_ENTRIES PROVIDED_
★ ★ ★ ★ ★ ★ ★
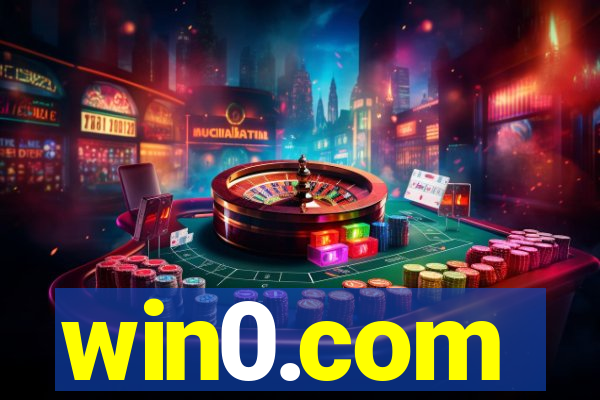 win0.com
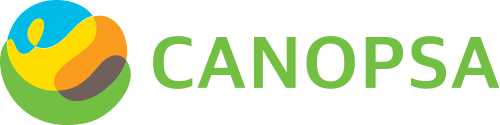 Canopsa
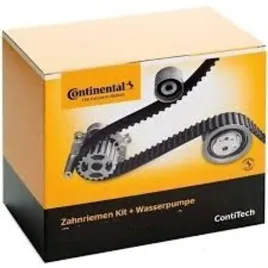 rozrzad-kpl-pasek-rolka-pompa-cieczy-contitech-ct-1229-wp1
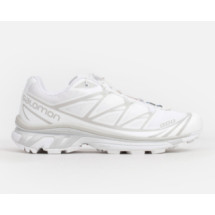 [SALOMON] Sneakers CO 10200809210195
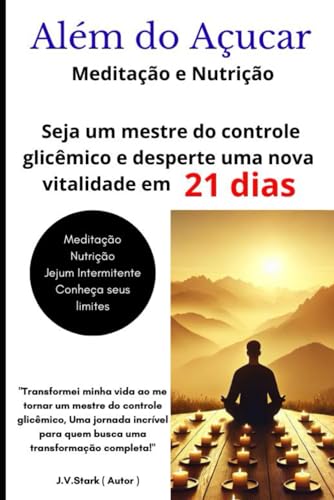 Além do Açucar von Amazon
★ ★ ★ ★ ★ ★ ★
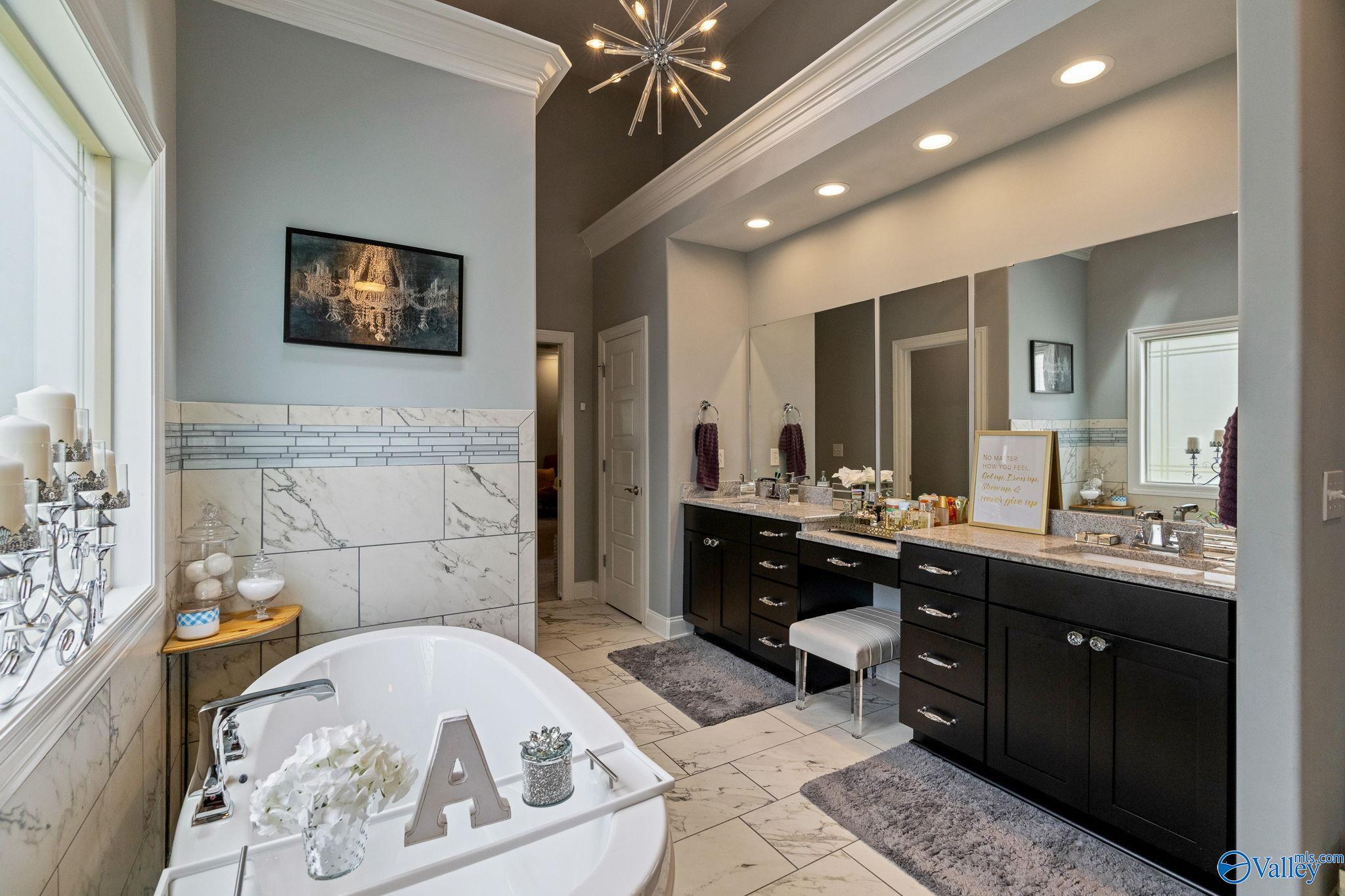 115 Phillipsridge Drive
★ ★ ★ ★ ★ ★ ★
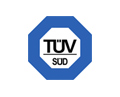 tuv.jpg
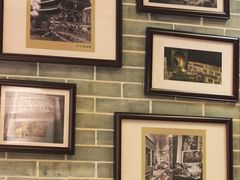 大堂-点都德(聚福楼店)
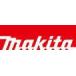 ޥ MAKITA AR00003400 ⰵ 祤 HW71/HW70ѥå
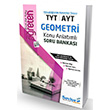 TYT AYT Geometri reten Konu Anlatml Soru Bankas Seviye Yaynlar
★ ★ ★ ★ ★ ★ ★
_WHAT YOU WILL DO_
Reproduce exactly the lines above starting at the line containing "大堂-点都德(聚福楼店)" and ending at the line containing "TYT AYT Geometri", including both, but not the pictures.

_RESPONSE FOR THIS EXERCISE_
 大堂-点都德(聚福楼店)
 ޥ MAKITA AR00003400 ⰵ 祤 HW71/HW70ѥå
 TYT AYT Geometri reten Konu Anlatml Soru Bankas Seviye Yaynlar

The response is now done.